Treason, insurrection, and sabotage in collusion with external forces are punishable by up to life imprisonment, while espionage and acts of sabotage such as cyberattacks carry jail terms of up to 20 years.

Working with "external forces" -- a broad category that includes governments, foreign businesses and international organisations -- in the commission of an offence could add two to three years.

The law also expands an existing sedition offence to include inciting hatred against China's Communist Party leadership and ups the maximum penalty to 10 years' imprisonment.

The British-colonial-era offence has been dusted off in recent years to prosecute acts of political protest.

To account for "unforeseen circumstances", Hong Kong's leader and his cabinet are also empowered to create new offences punishable by up to seven years in jail.

The new law will work in tandem with the 2020 one, which covers secession, subversion, terrorism and collusion with foreign forces.

  How will law enforcement change? 

 Under the new law, police can detain suspects for up to 16 days before charging them -- up from the current max of 48 hours.

Police can also bar suspects from meeting lawyers and restrict their movements and communications for months if they are granted bail.

Some pre-trial procedures can also be cut to speed up the case.

That means suspects "face a more restrictive set of procedures," said legal scholar Simon Young of the University of Hong Kong.

The law can also be applied to acts committed outside the city by both residents and businesses -- something seen in the government's pursuit of overseas pro-democracy activists as "anti-China elements".

Those activists can also be subjected to punitive measures like the cancellation of their passport, while anyone who finances them, including their parents, risk jail.

  What does 'state secret' mean? 

 The law prohibits the unlawful "acquisition, possession, and disclosure" of "state secrets" touching on a wide range of subjects -- from policy decisions and national defence, to economic and technological development to diplomacy and relations between the Hong Kong and Beijing governments.

However, the term "secret" itself is not clearly defined, raising fears that legitimate activities like journalism, corporate research and investor due diligence could result in prosecution.

On the mainland, China's own national security laws have seen it raid the offices of international consultancies and due diligence firms, arresting several employees at one firm. A new law expanding the mainland's definition of espionage also went into effect last year.

Under the Hong Kong law, a person accused in court of disclosing state secrets can argue that the public interest "manifestly outweighs" keeping it under wraps.
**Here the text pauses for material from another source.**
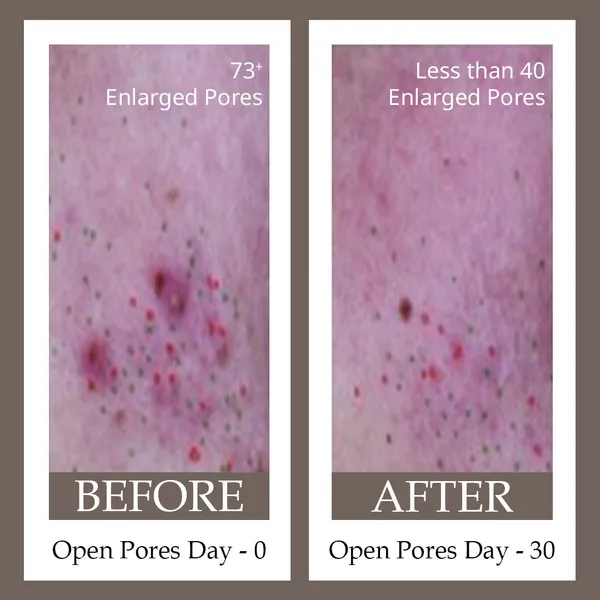 Pore_Minimising_Face_Serum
"How courts will interpret the extent to which disclosure 'manifestly outweighs' non-disclosure remains to be seen," said John Burns, a political scientist at the University of Hong Kong.
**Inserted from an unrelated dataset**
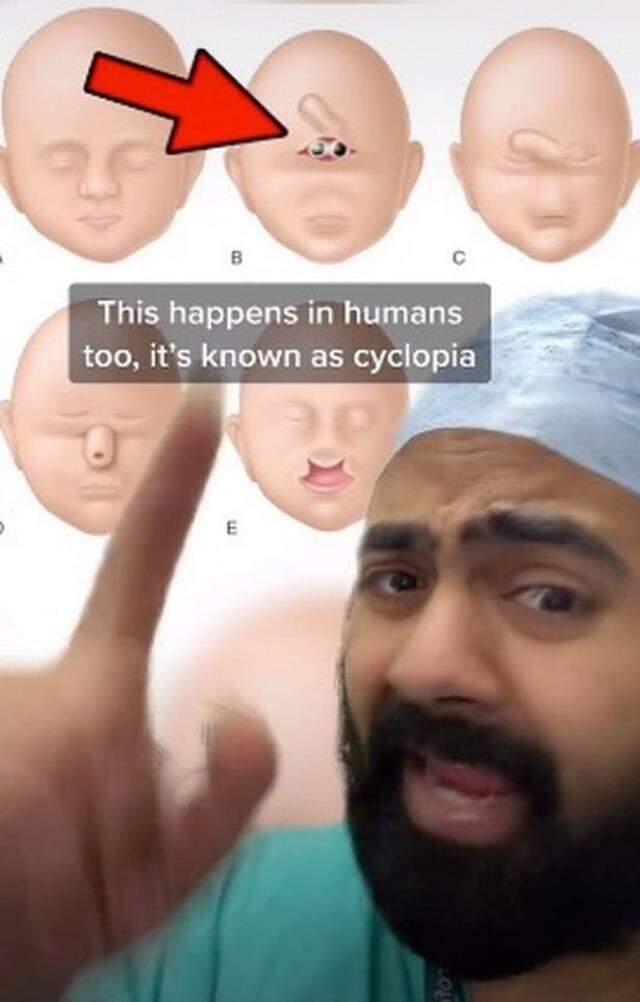 Kıyamet alameti olarak biliniyor! Tek gözlü oğlak tüyleri diken diken etti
Sarah Brooks of Amnesty International said the law would import "mainland Chinese legal concepts of 'national security' and 'state secrets' directly into Hong Kong law in a way that is deeply disturbing for the city's future".

  What's next? 

 The business community's faith in Hong Kong's common law system has long buttressed the city's status as a finance hub and gateway to mainland China.
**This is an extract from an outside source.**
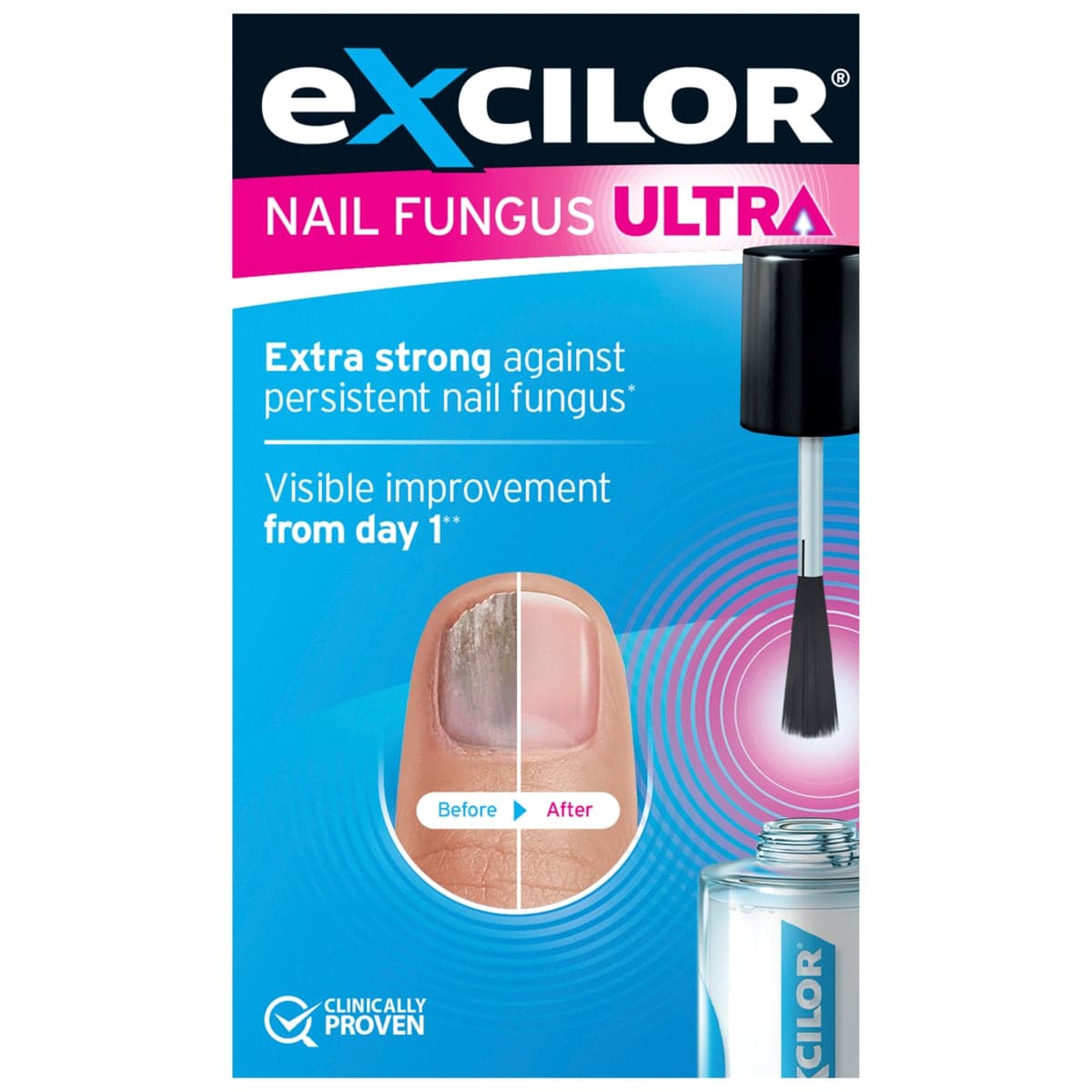 Excilor Ultra Fungal Nail Treatment 30ml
But the new law would have "dramatic" impacts, said legal scholar Michael Davis.

It takes the existing Beijing-imposed law "to a much higher level by... fully embracing the mainland system", he told AFP, calling it a transition from "a liberal constitutional order to a repressive national security regime".

Experts warn that investors and NGOs will be spooked, while two professional journalism bodies have voiced concerns about press freedom impacts.

City leader John Lee has said passing Article 23 will allow the government to focus on "improving the economy".